At least eight living persons were charred to death as revenge for political murder in the Birbhum district of West Bengal. What was projected as just a feud between one Bhadu Sheikh (whose murder was avenged) and Mihilal Sheikh has a definite political colour. The two factions of Trinamool Congress are at loggerheads over controlling the illicit business after the recently held civic polls. This shocking and inhuman spree of murders needs in-depth analysis and long-term answers.
The Rampurhat massacre is not the first incident where West Bengal has witnessed the mayhem of political violence as a tool to control the democratic apparatus. Right from the 1937 elections, Muslim League introduced violence in the electoral process. The Calcutta and Noakhali riots orchestrated by H S Suhrawardy not just butchered Hindus but mainstreamed violence as a tool of political blackmailing and ransacking. Even staunch nationalists like Syama Prasad Mookerjee and Sarat Chandra Sen had to accept the Partition on religious lines. In the words of great Bengali litterateur Bibhuti Bhusan Bandyopadhyay, “Good that Bengal was Partitioned. Bengali Hindus will heave a sigh of relief”. Did the politics of violence recede after Independence? The answer is an emphatic NO.

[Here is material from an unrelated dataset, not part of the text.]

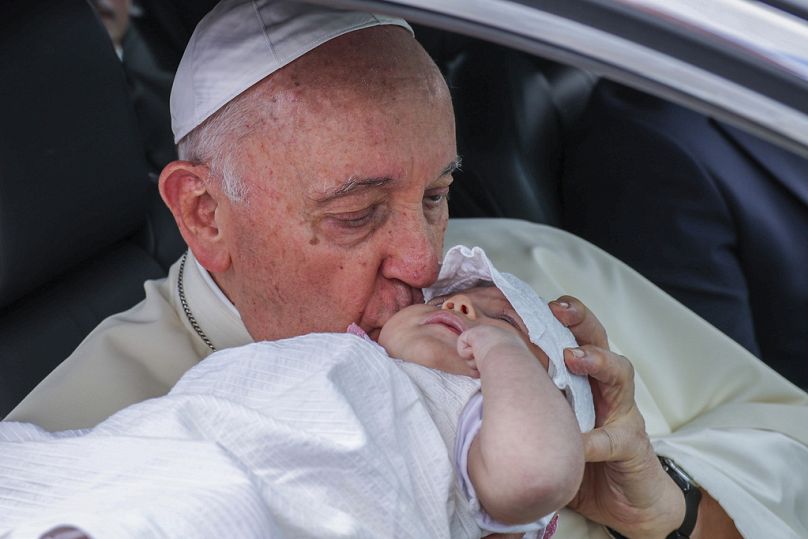 O Papa Francisco dá um beijo a uma criança a caminho do Centro Cultural de Belém, em Lisboa, a 2 de agosto de 2023.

Till 1971, a continuous influx of Hindus from the then East Pakistan continued facing persecutions at the hands of Jamaat and other radical organisations. While illegal migration continued in the bordering areas of West Bengal and Assam, Communist parties and Congress chose to nurture them as vote banks. Especially from the 1970s onwards, Communists reintroduced violence and politicisation of police machinery as an effective instrument of governance, as they did everywhere else. Mamata Banerjee later mastered this art by fuelling goondaism of political and criminal nature. Unfortunately, pointing out this travesty of political violence practised in the name of democracy is painted as anti-Bengali. The former Chief Ministers of West Bengal have accepted this historical fact in the Assembly and High Courts, while delivering various judgements, have commented on this fact. If we continue to turn a blind eye towards it for political convenience, it will continue to take innocent lives in the name of democracy.
The political rivalry within the Trinamool Congress (TMC) will settle down. Bharatiya Janata Party (BJP) has arrived as a political challenger and will have to find ways to establish itself as the ruling party for the ordinary Bengalis. The fundamental questions are: How far these intra-party or inter-party competitions are settled through democratic means?; being a bordering State, can we give preponderance to the narrow political interests over the national interest? From Kaliachak to Birbhum, each incident suggests a larger national security threat involved in this spree of violence. And whether the rule of law, virtues and humanity can be re-established in the land of Tagore, Vivekananda and Aurobindo? These are the key questions, and we as a nation have to find concrete answers to them to end the inhuman legacy of murderous politics. The culture of political violence started by the Muslim League, nurtured by the Communists and mastered by the TMC must end. Collective efforts by the entire Constitutional machinery and the nationwide democratic pressure are the only solutions.